TASK TO COMPLETE =>
Taking the entries below from the top, restate each line exactly and end with the line containing "Saw Palmetto Özü".

(Dataset entries)
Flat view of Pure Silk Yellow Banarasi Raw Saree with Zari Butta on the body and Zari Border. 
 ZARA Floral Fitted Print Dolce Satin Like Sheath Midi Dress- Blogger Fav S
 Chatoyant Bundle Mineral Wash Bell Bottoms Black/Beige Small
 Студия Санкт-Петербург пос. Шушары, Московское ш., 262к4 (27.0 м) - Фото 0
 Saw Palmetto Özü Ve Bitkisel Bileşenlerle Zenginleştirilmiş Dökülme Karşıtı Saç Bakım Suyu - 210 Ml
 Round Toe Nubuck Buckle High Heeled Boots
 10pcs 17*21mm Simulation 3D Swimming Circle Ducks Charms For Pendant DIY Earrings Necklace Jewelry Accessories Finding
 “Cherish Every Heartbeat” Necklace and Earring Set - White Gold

ANSWER FOR THE TASK =>
Flat view of Pure Silk Yellow Banarasi Raw Saree with Zari Butta on the body and Zari Border. 
 ZARA Floral Fitted Print Dolce Satin Like Sheath Midi Dress- Blogger Fav S
 Chatoyant Bundle Mineral Wash Bell Bottoms Black/Beige Small
 Студия Санкт-Петербург пос. Шушары, Московское ш., 262к4 (27.0 м) - Фото 0
 Saw Palmetto Özü Ve Bitkisel Bileşenlerle Zenginleştirilmiş Dökülme Karşıtı Saç Bakım Suyu - 210 Ml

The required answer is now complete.